There are many reasons to work for greater gender equality, but this is not one of them. Surveys of women’s fertility desires show that women in rich countries uniformly have fewer children than they say they desire: If we lived in a society where women had perfect control of their own reproduction, fertility would be higher, not lower. But rich countries are precisely the ones with the most gender equality—so there is no reason to think that gender equality is associated with more women achieving their fertility goals.
A similar confusion afflicts the authors’ vision for how to fight population decline. The authors (correctly) write that “immigrants may soon be hard to come by. Fertility is declining everywhere, even in the poorest countries. And incomes are rising in nations that once were very poor, decreasing the incentive to leave.” The implication? Migrant-receiving countries will be less able in the future to depend on immigration for population growth.
Of course, there are plenty of immigrants today to prop up growth, and the authors sensibly suggest the U.S. should adopt a Canadian-style merit-based system—letting in more people, but with selective standards. But then the authors go on to worry that, by giving in to “nativist, anti-immigrant sentiments,” the United States of America “will throw away the very tool that has been the secret to its greatness.”
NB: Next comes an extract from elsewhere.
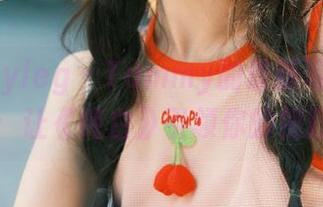 beautyleg – Tammy的最新写真作品发布：让《纯白》引领你的视野.txt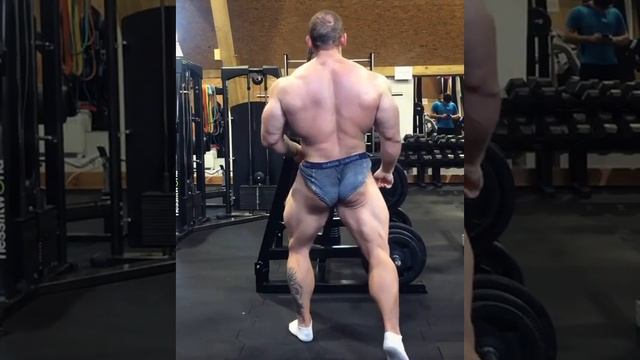 Krystian Wolski posing смотреть онлайн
And while immigration policy certainly will play a role in the country’s adaptations to population decline, the authors overestimate its importance. How can it be that immigration is likely to decline no matter what, but that the only policy lever worth commenting on is immigration? “Empty Planet” would have benefited from more pages devoted to the possibilities of pro-natal policymaking. If we admit more immigrants but have no fertility increase, our demographic bubble-bursting will only be postponed. And when the bubble does pop, population decline will be even steeper. The long-run population future for a large country like the United States will always, as a matter of arithmetic, rest on the fertility of its residents.